Twitter good: Immediate.
Twitter bad: Monetize.
Blogger good: Literary.
Blogger bad: Monetize.
Google's search ranking algorithms take a dim view of posts shorter than 300 or so words. Except for those on its own Blogger property, of course.
Kaus would be wise not to mix Tweets on his blog or, if he does, apply a noindex metatag to them to pacify the Google dragon.
The biggest thing I've missed from Kaus is his car stuff. I liked his take on cars.
I am with Hoodlum on the twitter/tweeting. It is chaotic and seems to be missing a lot of information. Back and forth's between people who know each other, that make me feel like a clueless outsider at a cocktail party where everyone is using inside jokes and inside references. So you just stand there, drink in hand, trying to figure out wtf everyone is talking about.
I generally, just look and go ...ah....screw it. Then try to find some blog article that goes into more depth.
Known Unknown said...
The biggest thing I've missed from Kaus is his car stuff. I liked his take on cars.
Too much work. Actually have to leave the house on occasion.
Only birdbrains tweet.
Of course, there are some very cunning birds.
What DBQ said and also;
I want two things. Depth and comments. It's why Althouse is a multiple stop per day place.
What I think of Twitter.
"What I think of Twitter."
That's a great clip.
I found that unexpectedly moving (in addition to being brilliant visually and musically and very funny). It was surprised to be suddenly brought to tears at the use of the evidence that the old man had left the library to the town but the BOOKS to the librarian.
The women thought Marian had a sexual relationship with the man, but the man cared about preserving the books and, we realize, only the librarian could be trusted not to destroy them
Kaus is insightful but he never seemed to flesh out his ideas, a poke with no follow up.
I think that writers write, whether it's tweets, essays, sermons, songs, or blog posts. They may do more of one than the others, but they're not mutually exclusive.
Presumably, law review articles undergo a more rigorous process before publication than blog posts do.
" I know that blogging made me not want to write law review articles."
Just being on law review made me not want to write any more law review articles, and that was 40 years before blogging.
AReasonableMan said...Kaus is too lazy to make this, or anything else, work well. I assume he has a trust fund.
Hey man, he ran for office! That takes some effort, I think, and even if he only got a few votes those were still votes that didn't go to Barbara Boxer, so that's something. He went to law school (Harvard or Yale I think) and I understand that takes a bit of work, too.
Have you read his book The End of Equality? It's pretty good--I read it back in 2008 or so and even though it was old the core ideas still had a lot of resonance. I'm sure it's available on Amazon, through the Althouse portal even.
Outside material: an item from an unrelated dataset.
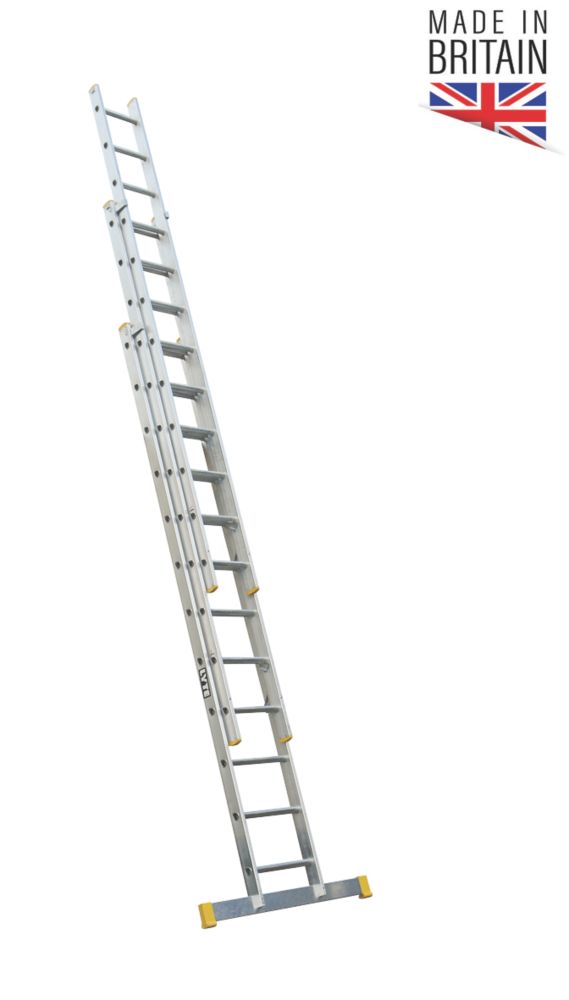 Lyte  8.5m Extension Ladder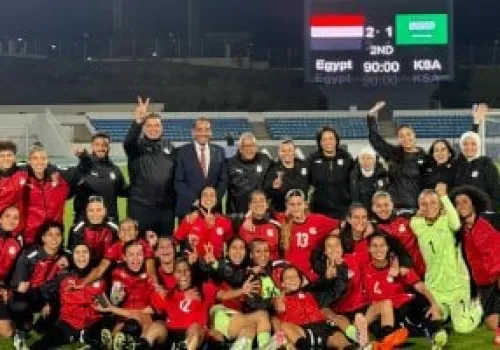 منتخب مصر النسائي يبدأ تحدي أمم أفريقيا بمواجهة زامبيا في افتتاح البطولة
SOMETIMES a Tweet is a cogent, brief, analysis of a currently important topic.
USUALLY a Tweet lacks sufficient context to be comprehended, is simply an incoherent rant, or both.
When "news" chatterers commence chattering about Tweets, which is FAR too often, they are purged from Hammond's screen.
Iowahawk is one of the better known wits of twitter. He's good at it, with lots of followers and eyeballs. But . . . when Iowahawk wrote a blog years ago, wow. The funniest stuff I ever read on the web. His Archbishop of Canterbury Tales . . . I think a writer can pick one or the other and excel. Not both.
HoodlumDoodlum said...
Have you read his book
He's not a dummy, just lazy. If I had a trust fund I might be lazy too.
do it wretchard's way, tweet interesting news, comment on it via tweets, then blog about it later.
Poll results preserved here.
"do it wretchard's way, tweet interesting news, comment on it via tweets, then blog about it later."
You'd have to pay me a lot to do it that way.